--- START ---
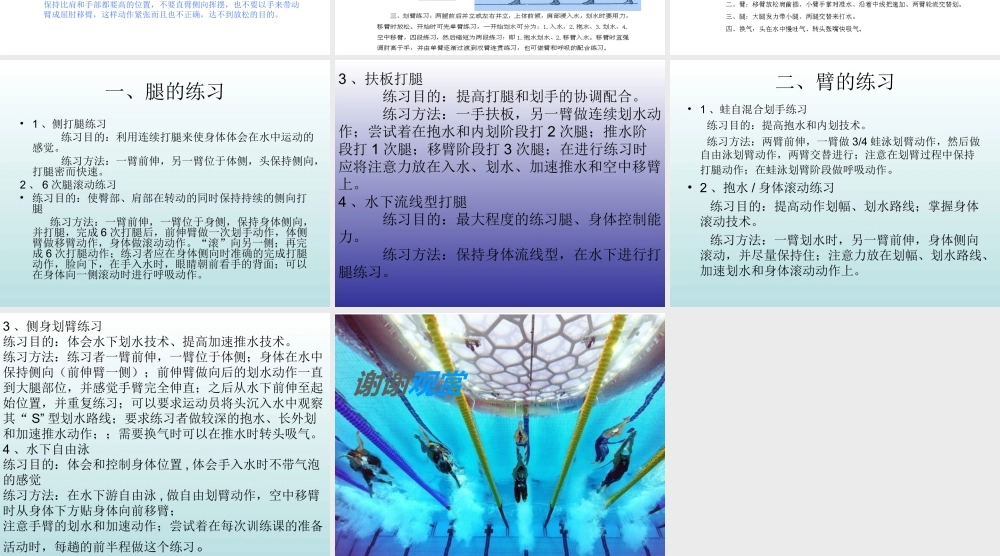 自由泳教学PPT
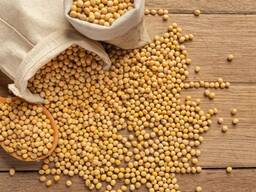 Куплю сою оптом від фермерів | Закупівля сої 20-5000 т | Самовивіз по Україні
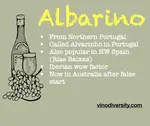 Albarino Wine Variety in Australia, a false start but now up and running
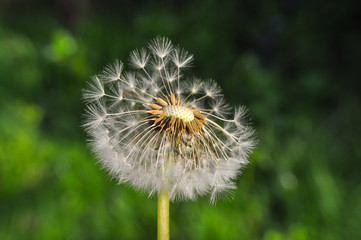Dandelion seeds with a blurred background. Dandelion seeds blowing away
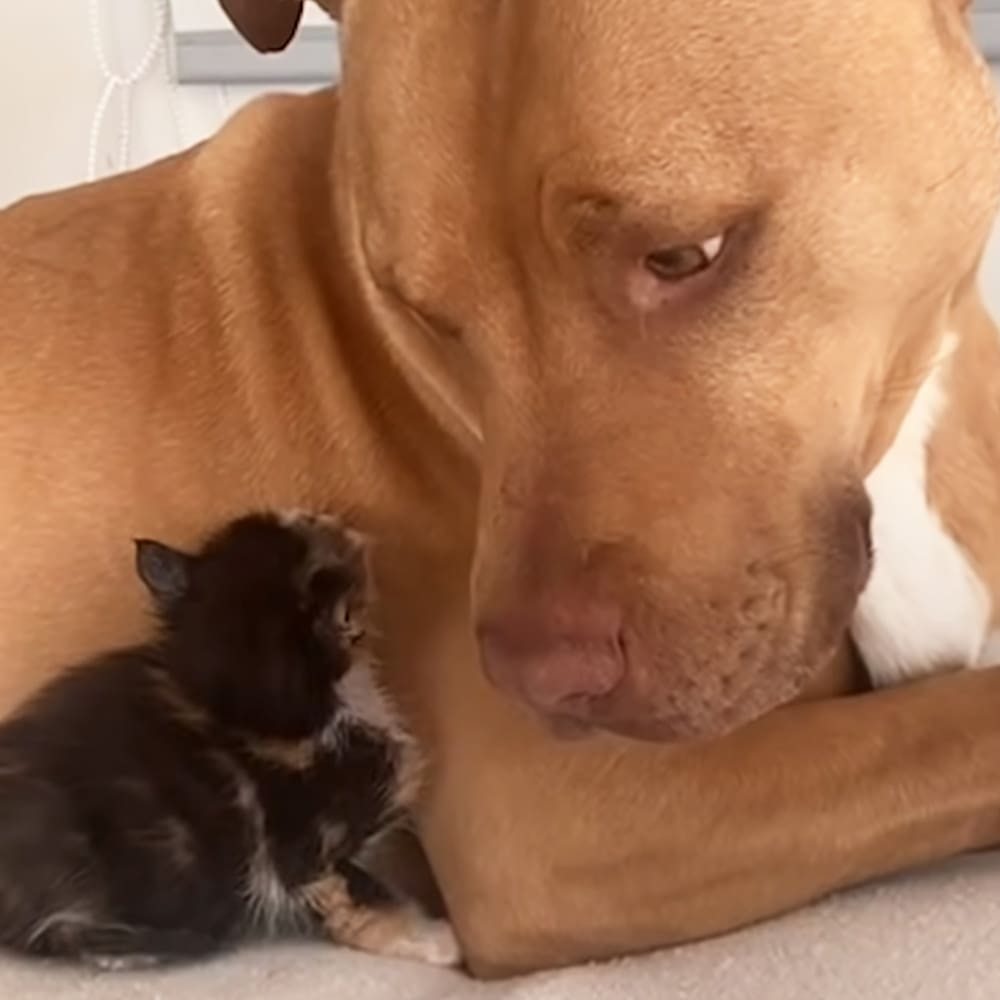 A light brown pit bull or similar breed with white markings rests indoors alongside a small black and white kitten, likely a few weeks old. The setting is an indoor home environment with neutral-colored walls.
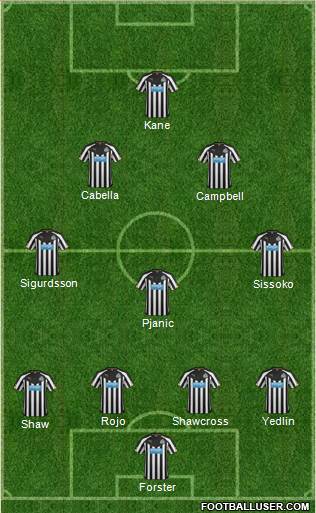 Newcastle United Formation 2015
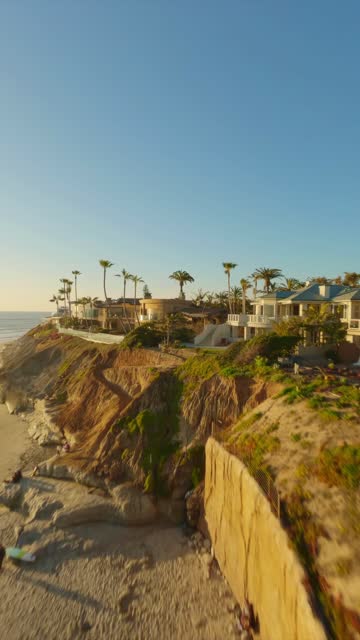 Low aerial view of the cliffs, palm trees and the ocean in Carlsbad.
--- END ---
BRIEF ▸
Reproduce the material exactly; omit the pictures.

OUTPUT OF THE TASK ▸
 自由泳教学PPT
 Куплю сою оптом від фермерів | Закупівля сої 20-5000 т | Самовивіз по Україні
 Albarino Wine Variety in Australia, a false start but now up and running
Dandelion seeds with a blurred background. Dandelion seeds blowing away
 A light brown pit bull or similar breed with white markings rests indoors alongside a small black and white kitten, likely a few weeks old. The setting is an indoor home environment with neutral-colored walls.
 Newcastle United Formation 2015
 Low aerial view of the cliffs, palm trees and the ocean in Carlsbad.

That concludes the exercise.